> Data:
------------------------

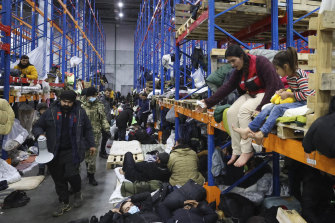 Migrants settle in a logistics center at the checkpoint “Kuznitsa” at the Belarus-Poland border near Grodno, Belarus, on Friday.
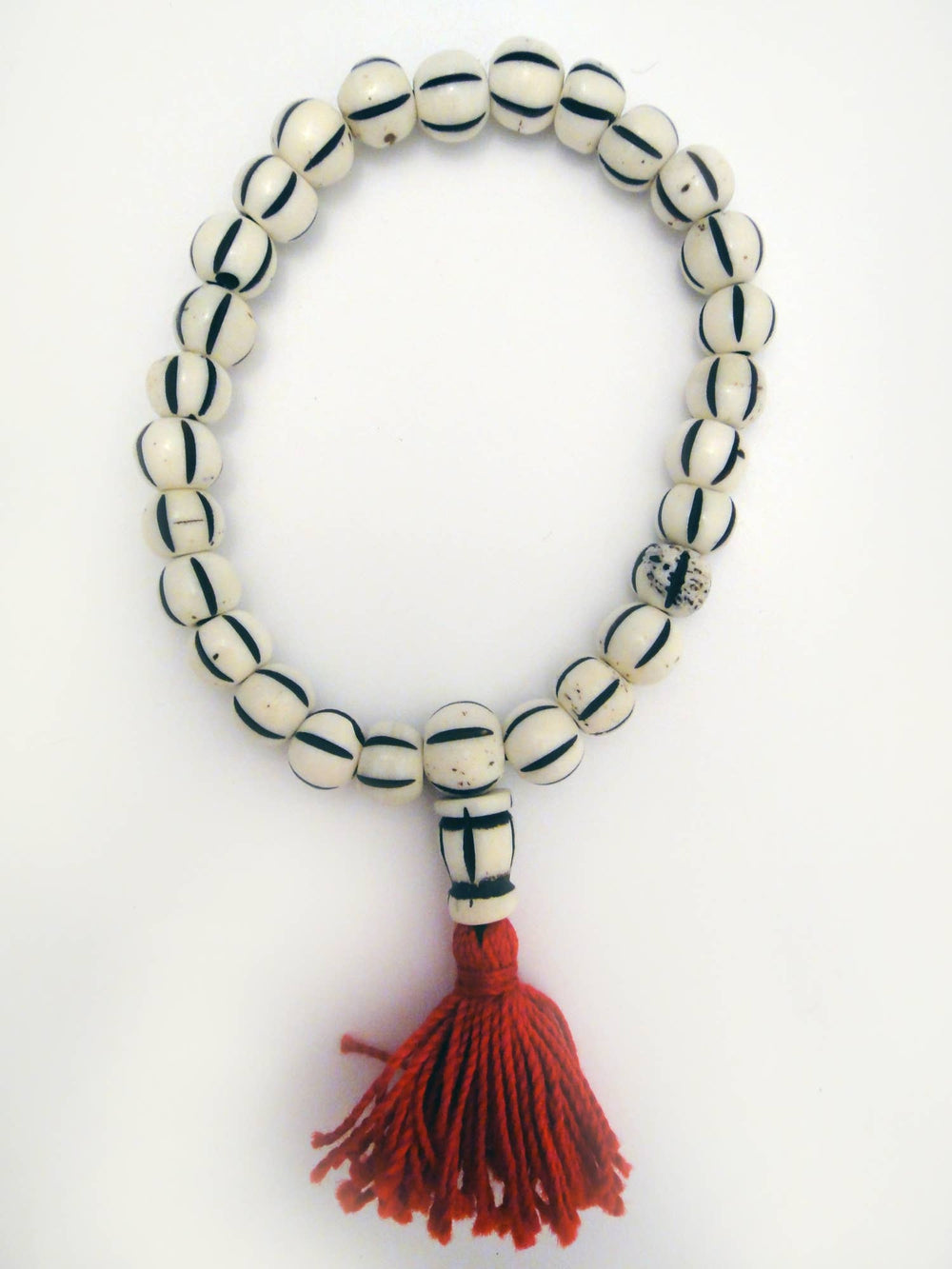 Tika Bracelet Carved Bone Mala Bracelet- Light Striped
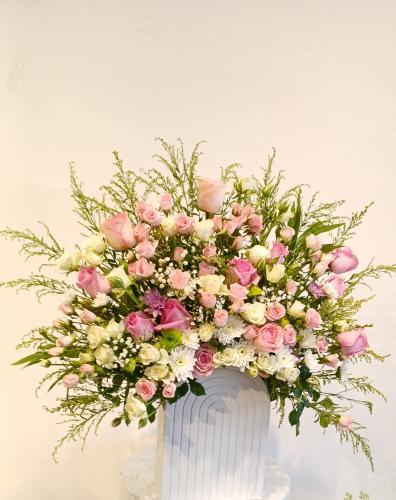 Wooden stand with natural flowers
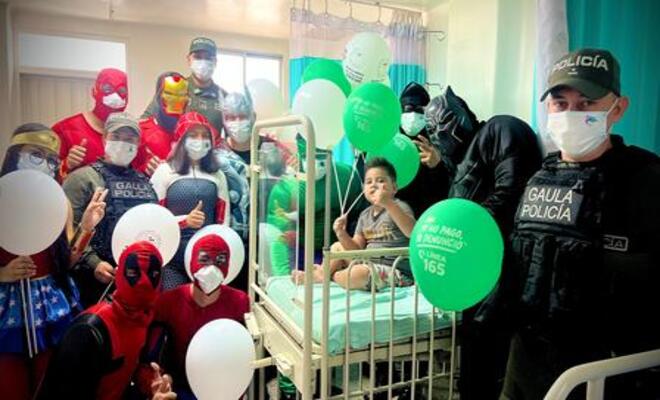 Personajes y policías acompañan a niño hospitalizado durante actividad recreativa.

------------------------

> What you will do: Each line of the data must be restated exactly, and the pictures must be left out.

> Response area:
 Migrants settle in a logistics center at the checkpoint “Kuznitsa” at the Belarus-Poland border near Grodno, Belarus, on Friday.
 Tika Bracelet Carved Bone Mala Bracelet- Light Striped
 Wooden stand with natural flowers
 Personajes y policías acompañan a niño hospitalizado durante actividad recreativa.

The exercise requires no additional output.